Pour tout vous dire, on ne comprend toujours pas pourquoi le ministre-président wallon Elio Di Rupo s’échine à répéter, d’année en année, que sa Région est sur la voie du retour à l’équilibre. Ces jours-ci, il martèle encore que l’équilibre sera atteint au budget 2024 qui se négocie entre PS, MR et Ecolo.
Les trois partenaires s’engageaient à cette trajectoire salvatrice dans la déclaration de politique régionale de 2019. Un engagement tenu, c’est toujours bon à prendre à quelques mois des élections…
Mais l’équilibre annoncé est de la poudre aux yeux, une vue de l’esprit : il porte exclusivement sur les politiques courantes, hors investissements. Du bluff.
En 2023, le solde brut à financer était de l’ordre de 2,9 milliards. Pour 2024, on devrait évoluer entre 2,5 et 3 milliards, selon les souhaits des experts et l’espoir d’Adrien Dolimont, le ministre des Finances.
De quoi parle-t-on ? De l’écart entre les dépenses et les recettes, donc d’un déficit budgétaire, ne tournons pas autour du pot. Et des moyens qu’il faut aller chercher sur les marchés pour financer les politiques, donc d’une dette qui grossit toujours, même si les freins ont été activés pour en garantir la soutenabilité.
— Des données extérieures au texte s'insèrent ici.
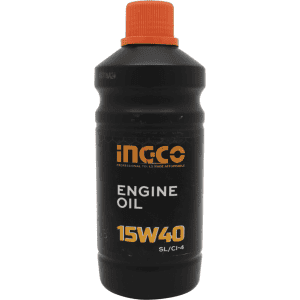 ENGINE OIL 500ML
La Wallonie vit-elle au-dessus de ses moyens ? Le gouvernement s’interdit toute nouvelle taxe, côté recettes. Dans la colonne des dépenses, il s’en trouvera toujours pour trouver que les gaspillages persistent. Mais un constat supplante tous les autres : rien ne s’est passé comme prévu depuis le début de la législature. La fatalité s’en est mêlée.
Si les finances réelles de la Wallonie restent dans le rouge, c’est en raison d’une accumulation de malheurs qui ont imposé des réactions indispensables mais très coûteuses : crise sanitaire, inondations de 2021, guerre en Ukraine, crise énergétique…
Tout cela aurait pu contraindre l’exécutif régional à revoir ses ambitions à la baisse. C’est tout le contraire qui s’est produit : nécessaire, le plan de relance doit placer la Wallonie sur une orbite positive, mais il impose lui aussi de délier les cordons de la bourse.
En s’accrochant à l’idée de « l’équilibre en 2024 pour préserver les générations futures », Elio Di Rupo semble s’excuser d’avoir massivement aidé les victimes des crues et d’avoir multiplié les soutiens aux entreprises ou aux citoyens. Le gouvernement fait profil bas alors que son plan de relance affiche de grandes ambitions sociales, économiques et environnementales.
S’endetter n’est pas un drame si c’est pour la bonne cause, et sans excès. Le solde brut à financer n’est pas une injure s’il permet de jeter les bases d’un avenir meilleur, en surmontant les crises. La Wallonie est en déficit ? Le gouvernement devrait assumer cette forme de courage et ne pas s’accrocher à un équilibre de pacotille qui ne trompe personne.